What Rule No. 9 forbids is outsourcing the live decision itself — letting another person's in-the-moment opinion override the conclusion you reached through your own work. There is a world of difference between learning a method from a great trader and letting a great trader make your call for you. The first builds you up. The second hollows you out. Gather everyone's information; take no one's decision.
When in doubt, do nothing
So what happens when the respected trader's contrary view genuinely shakes you? When you were confident in your long, and now, having heard a strong case for short, you simply do not know anymore?
The answer is the cleanest in all of trading: you do nothing. You close out, or you never enter, and you stand flat. Because notice the trap you are in — you no longer fully believe your own long, since it has been shaken, and you do not truly own the short, since it is not your analysis. You believe neither. To trade either from that muddled, uncertain state is to trade from exactly the confusion that Rule No. 8 warns will destroy you. The honest position, when your own conviction has been disturbed and not yet rebuilt, is no position at all. Flat is a position, and it is the right one whenever you are unsure. There is no shame and no cost in sitting out a move you do not understand. There is only cost in trading one you don't.

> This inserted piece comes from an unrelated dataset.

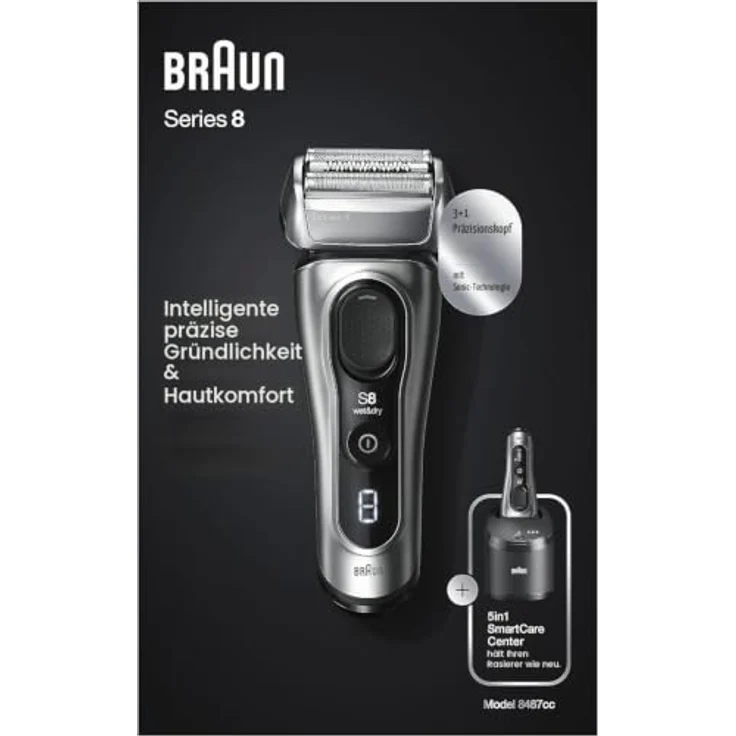 Braun Gesichtshaarrasierer Series 8, 8467cc System wet&dry, SmartClick-Präzisionstrimmer, hergestellt in Deutschland – Bild 5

This is how you become a top trader
Felix puts the point sharply: you can only become a top trader by trading your own instinct. And this is the deepest reason for the rule, beyond any single trade. The skill of trading simply is the skill of forming your own judgement and acting on it — and then living with the consequences and learning from them. Every time you make your own call, right or wrong, you feed that learning loop: a win on your own reasoning confirms something real, and a loss on your own reasoning teaches you something you can actually use next time. That loop is how judgement is built, trade by trade, over the years it takes.
Every time you trade someone else's call instead, you skip the loop entirely. You learn nothing, you build nothing, and you stay dependent. A trader who only ever follows will never develop the instinct that defines a master, because instinct is not given — it is earned, through your own decisions and their outcomes. You cannot outsource the one thing that would make you great and expect to become great anyway.
The bottom line
Trade only your own forecast. When someone you respect — however much better they may be — tells you the opposite of what your own analysis says, do not flip to follow them, because a borrowed conviction collapses the moment it is tested, and even a winning borrowed call only deepens your dependence. Gather everyone's information, but make your own decision. And when your conviction has been genuinely shaken and you no longer know, do the cleanest thing there is: nothing.
Your account is yours. Your decisions must be too. That is not just how you protect yourself — it is the only way you ever become a trader worth following.